Our third quarter 2012 included oil and gas revenues of $96.2 million and
production of 2,354 Mboe. The key drivers to our results for the three months
ended September 30, 2012 included the following:
Drilling program. Our success is largely dependent on the results of our
drilling program. During the three months ended September 30, 2012, we drilled
(a) 16 gross wells (12.3 net) in the Eagle Ford Shale, (b) 6 gross wells (3.4
net) in the Niobrara Formation and (c) 3 gross wells (0.8 net) in the Marcellus
Shale.
Production. Our third quarter 2012 production of 2,354 Mboe increased 26% from
the third quarter 2011 production of 1,875 Mboe. The increase in production from
the third quarter of 2011 to the third quarter of 2012 was primarily due to
increased production from new wells primarily in the Eagle Ford Shale and the
Niobrara Formation, partially offset by normal production decline and the sale
of a significant portion of our remaining Barnett Shale properties to Atlas
Resource Partners, L.P. ("Atlas") in April 2012.
Commodity prices.

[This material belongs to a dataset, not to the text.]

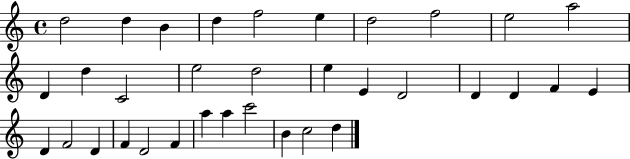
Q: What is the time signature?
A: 4/4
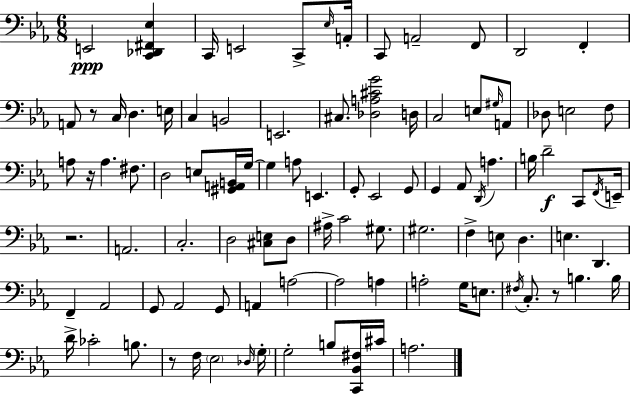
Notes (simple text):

Our average realized oil price during the third quarter of
2012 was $96.66 per barrel, or 8% higher than the price during the third quarter
of 2011. Our average realized gas price during the third quarter of 2012 was
$1.92 per Mcf, or 37% lower than the price during the third quarter of 2011.
Sale of Gulf Coast Properties. During the third quarter of 2012, we completed
the divestiture of substantially all of our legacy producing properties along
the onshore Gulf of Mexico located primarily in Texas and Louisiana for an
agreed upon price of $19.3 million, subject to final post-closing adjustments.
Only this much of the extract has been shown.